Chancellor Jeremy Hunt has unveiled the contents of his Autumn Statement in the House of Commons.
He has revealed tax rises and spending cuts worth billions of pounds aimed at mending the nation’s finances.
Here is a summary of the main measures.
Taxation and wages
- Legally-enforceable minimum wage for people aged over 23 to increase from £9.50 to £10.42 an hour from next April
- State pension payments and means-tested and disability benefits to increase by 10.1%, in line with inflation
- Apart from in Scotland, top 45% additional rate of income tax will be paid on earnings over £125,140, instead of £150,000
- Income tax personal allowance and higher rate thresholds frozen for further two years, until April 2028
- Main National Insurance and inheritance tax thresholds also frozen for further two years, until April 2028
- Tax-free allowances for dividend and capital gains tax also due to be cut next year and in 2024
Energy
- Household energy price cap extended for one year beyond April but made less generous, with typical bills capped at £3,000 a year instead of £2,500
- Households on means-tested benefits will get £900 support payments next year
- £300 payments to pensioner households, and £150 for individuals on disability benefit
- Windfall tax on profits of oil and gas firms increased from 25% to 35% and extended until March 2028
- New 45% tax on companies that generate electricity, to apply from January
Economy and public finances
- The Office for Budget Responsibility judges UK to be in recession, meaning the economy has slowed for two quarters in a row
- It predicts growth for this year overall of 4.2%, but size of the economy will shrink by 1.4% in 2023
- Growth of 1.3%, 2.6%, and 2.7% in 2024, 2025 and 2026
- UK’s inflation rate predicted to be 9.1% this year and 7.4% next year
- Unemployment expected to rise from 3.6% to 4.9% in 2024
- Government will give itself five years to hit debt and spending targets, instead of three years currently
Responding to the Autumn Statement delivered by the Chancellor, Dr Liz Cameron CBE, Chief Executive, Scottish Chambers of Commerce, said:
“When appointed, the Chancellor made clear to the business community the scale of fiscal constraints that would influence his decision making. The economic turbulence since the mini-budget needed to be stabilised and the Chancellor has set his direction of travel. But as we brace for recession, business confidence will not shift overnight.

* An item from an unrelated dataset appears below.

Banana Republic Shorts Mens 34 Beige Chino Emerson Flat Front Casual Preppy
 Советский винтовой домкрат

“The biggest worry facing businesses right now is rising energy prices which have eroded profitability for many sectors. Whilst we welcome the Chancellor’s commitment to continue support until April, we need urgent clarity and detail on support beyond that period. We encourage the Chancellor to widen the net of support available to businesses.

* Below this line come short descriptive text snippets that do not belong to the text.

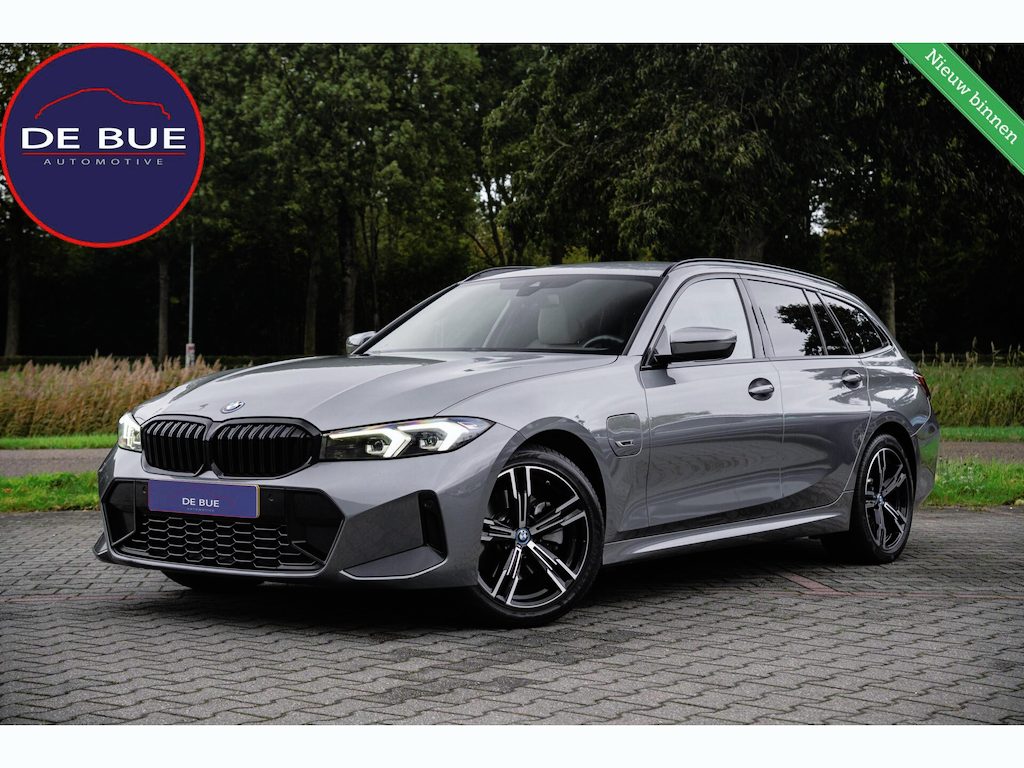 BMW 3-Serie Touring 330e Facelift M-Sport|WideScreen|Org NL NAP|CarPlay|Leder|Harman & Kardon|2e Eig|Nieuwstaat|Dealer Onderhouden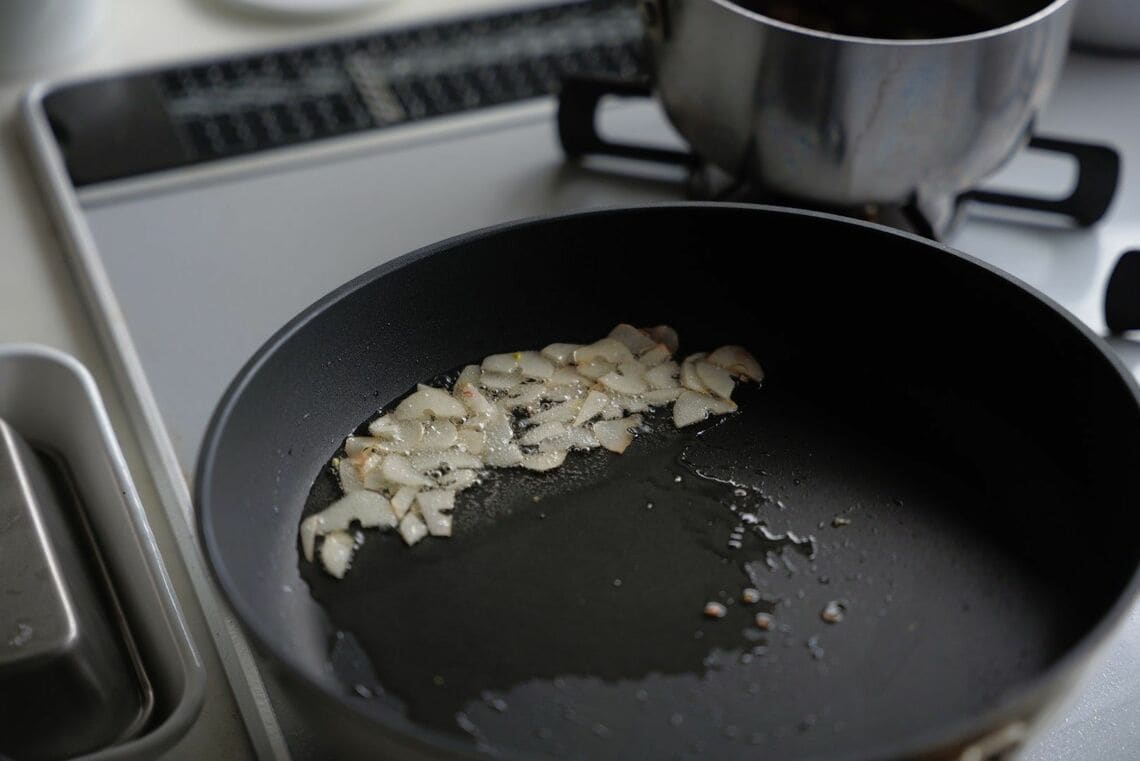 にんにくを投入したフライパン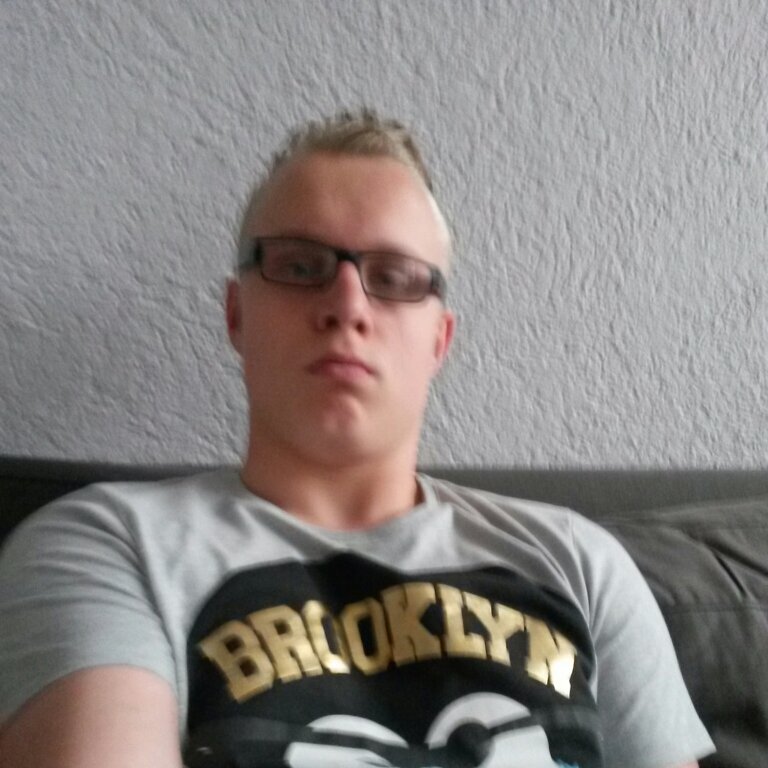 BroseDaniel's profile picture. Don't be a lemon be a rosebud and i'm gonna kick your ass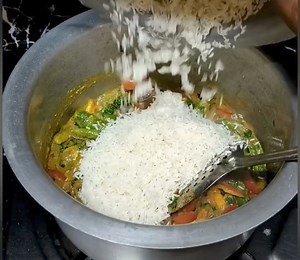 5.7K views · 28 reactions | ಮೆಂತೆ ರೈಸ್ ಬಾತ್ ಬೆಳಗಿನ ತಿಂಡಿಗೆ ದಿಢೀರ್ ಆಗಿ ಕೆಲವೇ ಸಮಯದಲ್ಲಿ ಮಾಡುವ ಮಾಡಿ... | Free Eagle 5 | Facebook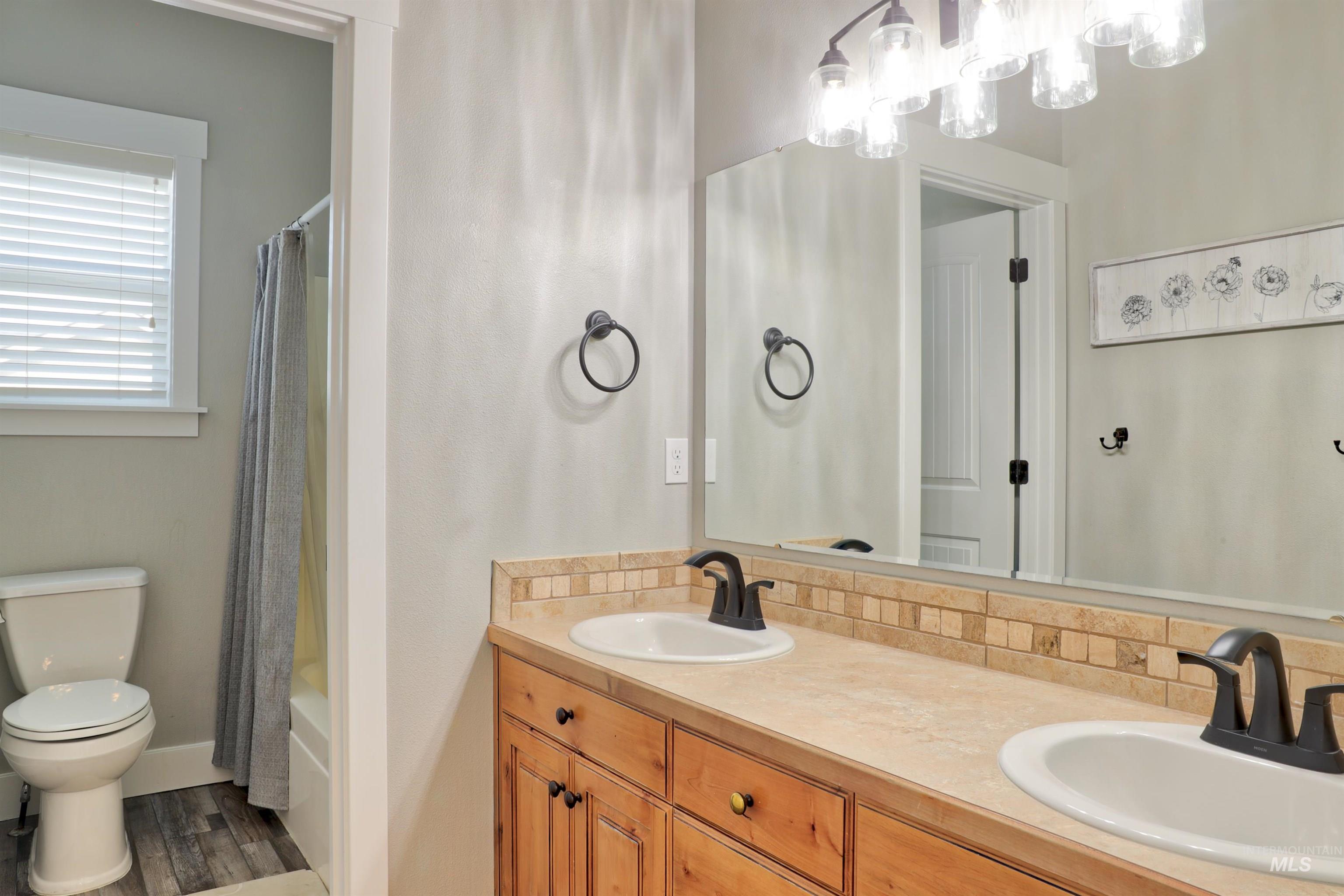 8858 STARDUST LN, Nampa, Idaho 83686, 6 Bedrooms, 3.5 Bathrooms, Residential For Sale, Price $1,449,000,MLS 98995838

“Increasing the windfall tax on energy producers and extending the timeline of application to 2028, will add further tax burdens on the sector. A 75% tax rate will force many companies elsewhere, to the detriment of jobs and efforts to support the just transition. This could put into question the UK’s position as a destination of choice for long-term strategic investment decisions. We urge the Chancellor to ensure confidence and investment in the energy sector is not undermined in the long-run for short-term benefit.
“Firms will welcome steps to bring more people back into the domestic workforce, particularly the review of issues holding back workforce participation. But not nearly enough has been announced to tackle labour shortages which is one of the single biggest challenges facing businesses. Until such times as domestic workforce schemes start to pay dividends, we urge the UK Government to align immigration policy with economic need and open more accessible routes for businesses to fill skills shortages and labour market gaps.”